Fusione per incorporazione: la legittimazione attiva della società incorporata conseguente alla sua estinzione
Alessandra Francesca Giganti – Junior Associate Nomos – Studio Legale e Tributario
Cassazione Civile, Sez. Unite, 30 luglio 2021, n. 21970 – Pres. Spirito, Rel. Nazzicone
Nell’ambito di una fusione per incorporazione, la società incorporata si estingue e, di conseguenza, non può avviare un giudizio in persona del suo ex amministratore, potendo, tuttavia, la società incorporante, spiegare intervento in corso di causa, ai sensi dell’art. 105 cod. proc. civ., nel rispetto delle regole che lo disciplinano.
Il suesposto principio di diritto è contenuto nella sentenza indicata in oggetto e si pone in contrasto con un precedente orientamento delle stesse Sezioni Unite in materia (Cass. Civ., Sez. Unite, n. 2637/2006), le quali, anche a seguito della riforma introdotta dal D. Lgs. 17 gennaio 2003, n. 6, escludevano che la fusione per incorporazione determinasse l’interruzione del processo ex art. 300 cod. proc. civ.
La decisione degli Ermellini del 2006 è stata poi confermata da diverse pronunce, le quali, in argomento, hanno richiamato la vicenda dell’incorporazione come “meramente evolutivo-modificativa”, escludendo, dunque, l’effetto successorio ed estintivo (cfr. Cass.
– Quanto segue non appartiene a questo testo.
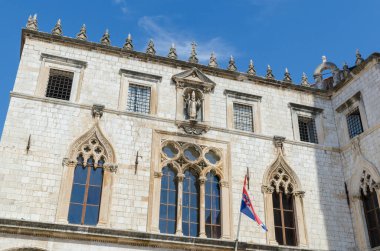 Eski Dubrovnik kasabasının cepheleri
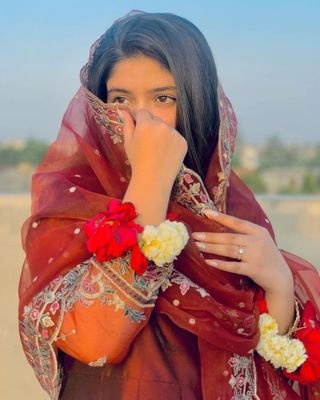 Even in silence, the heart whispers a thousand dreams🌹🤍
Civ., n. 18188/2016).
Nel caso esaminato dalle Sezioni Unite del 2021, una società a responsabilità limitata, già cancellata dal registro delle imprese in quanto oggetto di fusione per incorporazione in un’altra società a responsabilità limitata, agiva in giudizio al fine di ottenere l’accertamento della simulazione ovvero, in subordine, la revoca ex art. 2901 cod. civ. di due successivi contratti di compravendita.
Il Giudice di prime cure accoglieva la domanda avanzata dalla società incorporata, riconoscendone, dunque, preliminarmente la legittimazione ad agire.
In sede di gravame, la Corte di Appello rigettava la proposta impugnazione, confermando la decisione del Tribunale e, quindi, ritenendo la validità dell’atto introduttivo del primo giudizio avanzato dalla società incorporata, poiché la fusione, in conformità a quanto disposto dall’art. 2504 bis cod. civ., costituisce una mera vicenda evolutivo-modificativa dello stesso soggetto, il quale permane e conserva la propria identità, anche se in un diverso assetto organizzativo.
Tale conclusione non è stata condivisa dal Supremo Consesso, il quale – evidenziando che la società incorporata ha cessato da lungo tempo i propri organi amministrativi dalle funzioni di legale rappresentanza – ritiene che la stessa società incorporata sia priva di capacità e legittimazione ad agire poiché estinta.
Nonostante tale statuizione, la Corte di legittimità, nella sua massima composizione, rigetta il ricorso presentato dalla incorporata, rilevando che, nel corso del giudizio di primo grado, la società incorporante è utilmente intervenuta, facendo propria la domanda iniziale e, così, ottenendo l’esclusione di qualsivoglia nullità del processo, sia per la prefata natura meramente modificativo-evolutiva della fusione, sia per la sopravvenuta costituzione nella causa.
Le Sezioni Unite, conformemente alle disposizioni dettate dal Codice Civile, nonché a quelle derivanti dal diritto comunitario (cfr. direttiva 2005/56/CE; Corte di Giustizia, 5 marzo 2015, C-343/13), affermano che non può considerarsi validamente avviato un processo da parte o nei confronti di una società incorporata.
Tuttavia, la Suprema Corte chiarisce che non si perverrebbe al medesimo assunto qualora la fusione sia sopraggiunta, ossia si realizzi nel corso del giudizio. In tal caso, si tratterebbe, infatti, ai sensi dell’art. 2504 bis cod. civ., di una prosecuzione dell’incorporante in tutti i rapporti giuridici delle società incorporate, anche processuali, così da evitare l’applicazione dell’interruzione del processo in caso di fusione di società.